Senegal, Burkina Faso, Botswana and Egypt are among the countries which have jumped the highest number of places in the rankings of business reformers in the last year, according to Doing Business 2009, a World Bank/International Finance Corporation (IFC) report released today.

And sub-Saharan Africa is the second-best reforming world region in facilitating the conduct of business.

The report offers an annual assessment of how easy it is to conduct business by surveying 10 key indicators that correspond to the various stages of the life of a business: starting it up, dealing with construction permits, employing workers, registering property, getting credit, protecting investors, paying taxes, trading across borders, enforcing contracts and closing it down.

Report data shows that 28 sub-Saharan countries enacted 58 positive reforms in 2008. The numbers go even higher when North African countries, grouped in the report with the Middle East, are included.

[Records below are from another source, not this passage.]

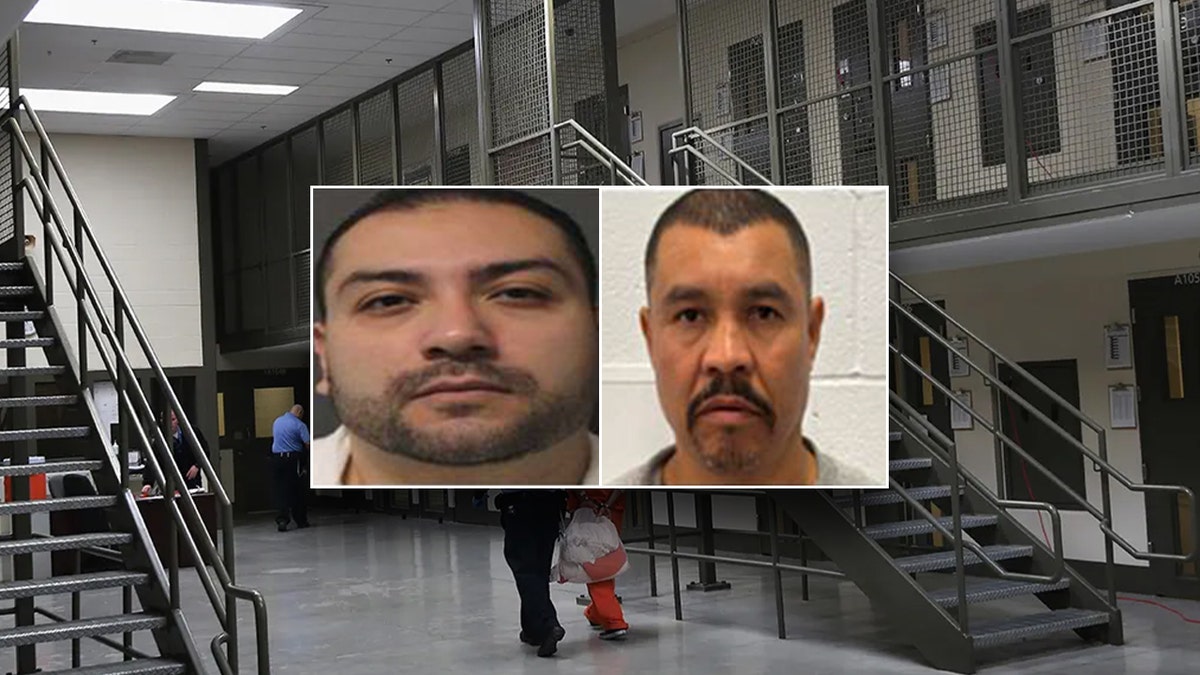 Weekend Roundup: Convicted murderers, child sex abusers among illegal aliens nabbed by ICE across US at george magazine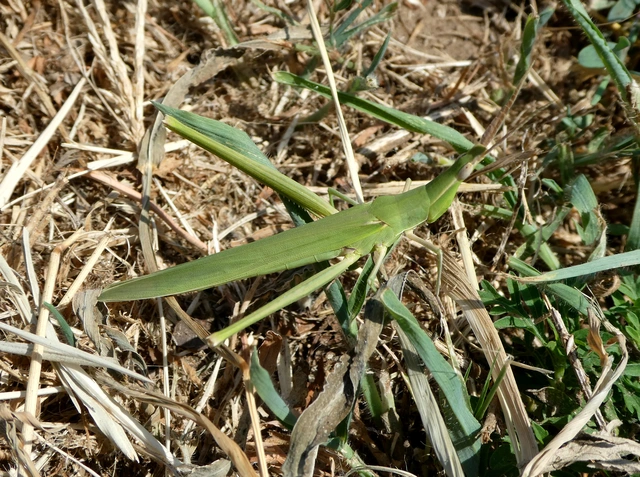 Acrida ungarica - sisakos sáska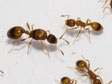 TEmnothorax unifasciatus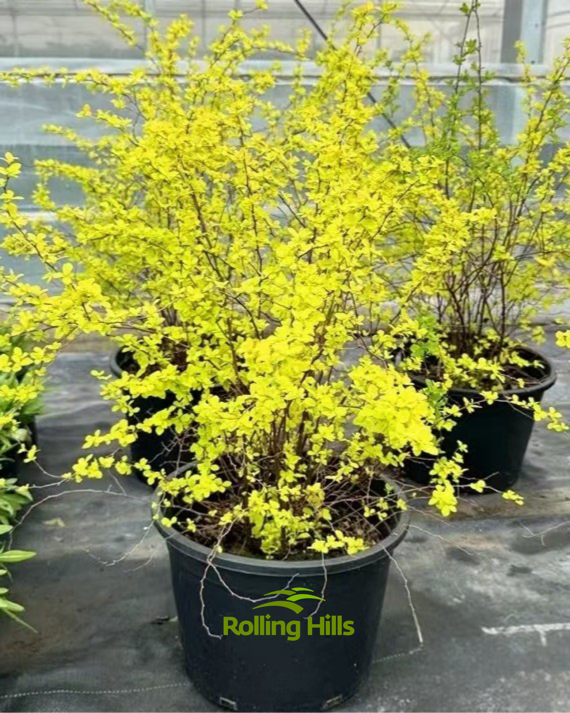 Spiraea thunbergii Siebold ex Blume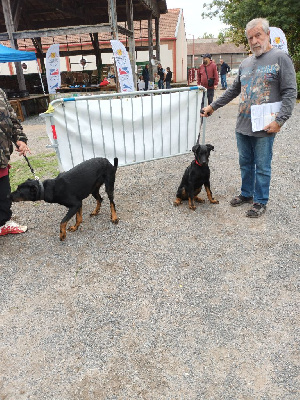 Les chiots de Berger de Beauce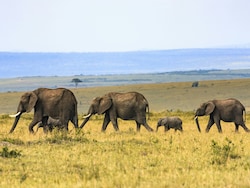 Court Declines To Restrain Transfer Of 5 Elephants From Assam To Tamil Nadu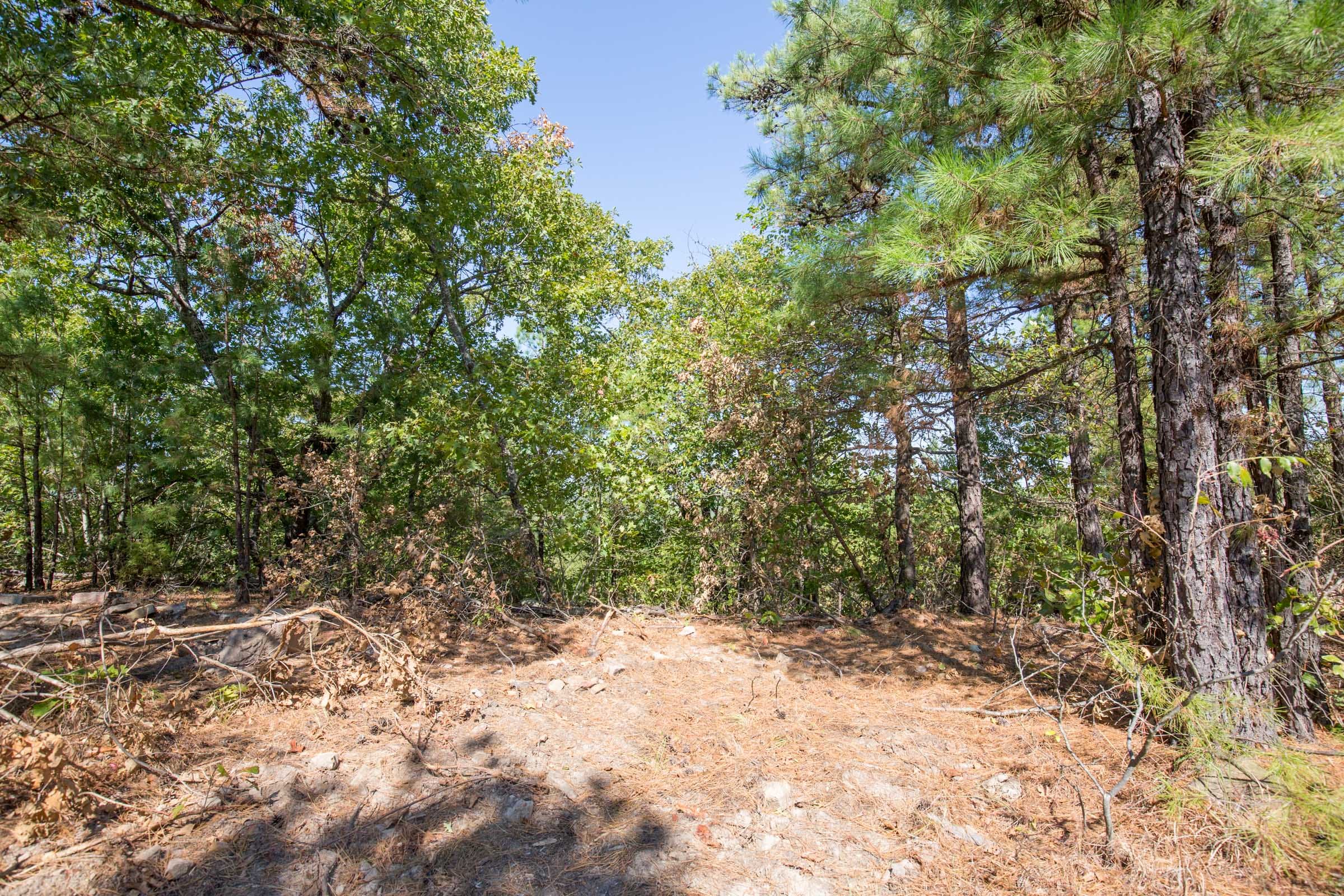 Stone Bridge Phase I Tract 71 photo 3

Mauritius is Africa’s top business reformer. It ranks at 24th place out of 181 countries on the global index, well ahead of most European Union countries, including G8 members such as France, Germany, and Italy.

This is the first time a country south of the Sahara has appeared in the top 25 countries. Economic powerhouse South Africa comes in second, at 32nd place.

This year’s findings are “good news for Africa,” Sabine Hertveldt, senior private sector development specialist at the IFC in Washington and co-author of the report, told AllAfrica in an interview.

“Analysis shows that in countries that do well on these rankings there is also much more welfare and economic growth,” she said.

The survey relies on published laws and voluntary submissions by lawyers, businesspeople and government employees involved in regulatory processes affecting the private sector.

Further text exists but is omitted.